(OK, to clear up any confusion with my non-LDS readers.....a ward is another name for my LDS church congregation that I attend.)
I have been a member of my church my entire life. I was born into it, baptized into it, served many callings in many capacities. I've walked away from it.... and come back. And I've struggled, epsecially since getting married to remain active. I've been in wards where the members were indifferent, the leaders were cold and the feeling was not one that embraced what I feel that the church should be. I've had bishops I've loved, and more that I haven't -- and I've NEVER felt comfortable in Relief Society. I've always embraced callings that would take me out of Relief Society on Sundays because I've just never felt the kinship and sisterhood that I imagine this group is supposed to be.

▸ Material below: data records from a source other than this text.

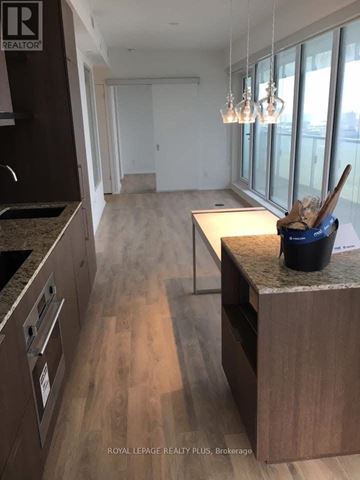 Toronto (Church-Yonge Corridor) condo for rent - A kitchen with a counter and a brokerage sign.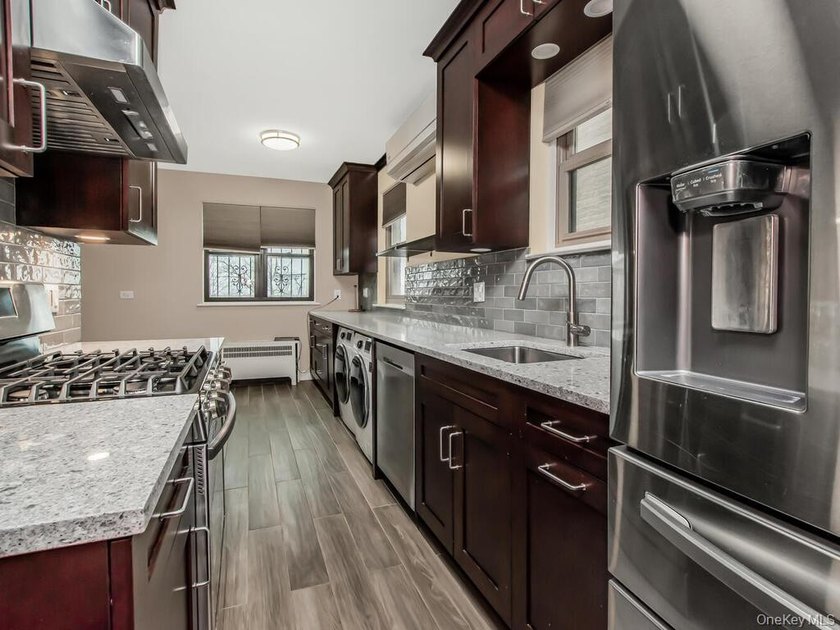 Stunning Brick Two-Family Home with Breathtaking Reservoir Views - photo 2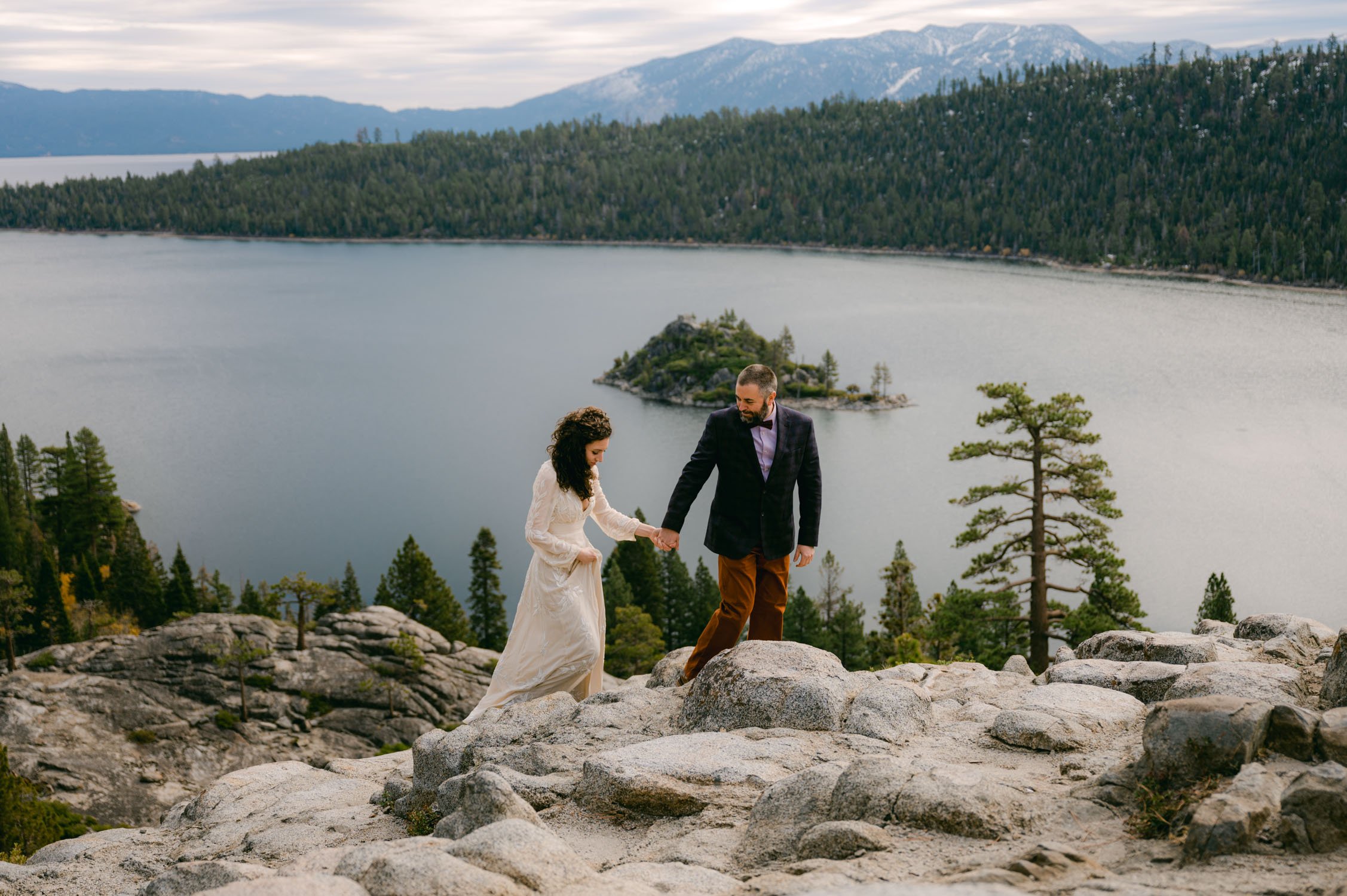  Emerald Bay Elopement Photographer, photo of a couple holding hands and walking at an overlook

All that changed when I moved to Texas. I have been blessed beyond measure to have found myself in this ward. From the first week we moved here, I had neighbors from the church at my home before I even knew that people knew we were moving in. (Thank you, Dee Adams) My children have been invited into primary with open arms.....even when months go by that my inactive self takes over and my kids miss weeks of Sunday School at a time. My visiting teachers have not missed a month in 4 years. Even if we can't physically get a face to face connection each month, I know I can expect a phone call, email or letter in my mailbox so that I know I am still thought about. Never in my life have I been so impressed with a group of sisters. For the first time in the almost 14 yrs I've been attending relief society, I feel at ease. I feel like these women really care about me as a person, as a fellow daughter of God. I don't get made to feel like a pariah if I only come to church once every six months. I am still invited in and welcomed as if I'd never been gone. I have been invited by other mothers to come share time with them and their kids, and I really, truly feel that this is the place I'm supposed to be. This is the ONE ward that is going to help me fully embrace getting totally back into church. This is the ward that has helped me to fill the void that I have felt about the church for so many years. I don't know how to put into words the gratitude I feel toward you all (I know some of you read here....so this is a shout out to you) There are a few individuals I want to especially thank just because you have meant so much to me since moving here: Sally, Windy, Allie, Mindy, and Maren.....without your love and support I don't know that I would have the courage to still muddle my way through and at least make the attempts that I have. Few as they have been.....I have a feeling that it's only going to get better from here.